Ces notes ont été publiées dans le Journal des Débats. Quelques lecteurs ont eu l'indulgence de croire que, réunies en volume, elles formeraient un tableau de Paris pendant la guerre. L'auteur ne s'est pas rendu sans hésiter. Ces Croquis sont loin de composer une histoire. Ils n'ont commencé de paraître que vers les premiers jours de septembre 1914 ; on n'y trouvera donc ni les journées héroïques de la mobilisation, ni les semaines d'enthousiasme qui suivirent. Tracés sans ordre, au hasard des spectacles qui s'offraient à un passant, ils omettent trop souvent les faits autrement graves qui s'accomplissaient à l'heure où ces articles étaient écrits. Beaucoup de scènes qu'ils évoquent sembleront bien menues au regard du drame qui se jouait près de nous. Mais les moindres aspects d'un si grand événement valaient d'être fixés.

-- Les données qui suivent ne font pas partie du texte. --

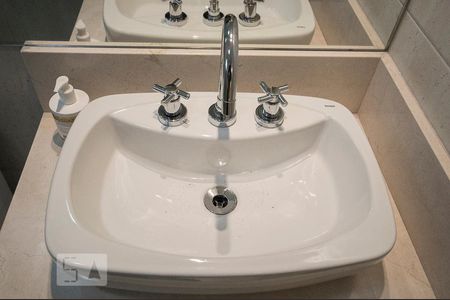 Apartamento à venda com 161m², 4 quartos e 3 vagasDetalhe Banheiro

Le Paris de cette époque, un Paris qu'on n'avait jamais vu, est déjà loin de nous. Les pouvoirs publics quittaient la capitale. Privée de la présence de son gouvernement, mal instruite des espérances qui demeuraient permises, elle attendait les maux de l'invasion avec une fermeté qui restera son honneur. Dans le moment même où tout semblait perdu, la manœuvre oblique de von Kluck détourne d'elle le péril immédiat ; elle apprend d'abord les succès remportés sur l'Ourcq, ensuite ceux de la Marne ; puis, peu à peu, elle comprend que cette immense bataille, si lentement connue, a sauvé toute la France et brisé le plan de l'ennemi. Comment n'aurait-elle pas envisagé, dans un avenir prochain, la déroute des Barbares ? Une certitude absolue de la Victoire, l'ignorance des innombrables deuils qu'elle devait encore nous coûter, justifiaient l'allégresse virile avec laquelle chacun se résignait d'avance aux sacrifices nécessaires. Dans cette grande ville redevenue provinciale, une pensée commune unissait fraternellement les cœurs ; on se sentait entre soi, on pouvait causer en confiance et même sourire sans crainte de n'être pas compris.
L'auteur s'estimera heureux si, dans les plus frivoles de ces Croquis, le lecteur veut bien retrouver quelque chose des traits qui aux derniers jours de 1914, ont composé la figure vaillante et sereine de Paris.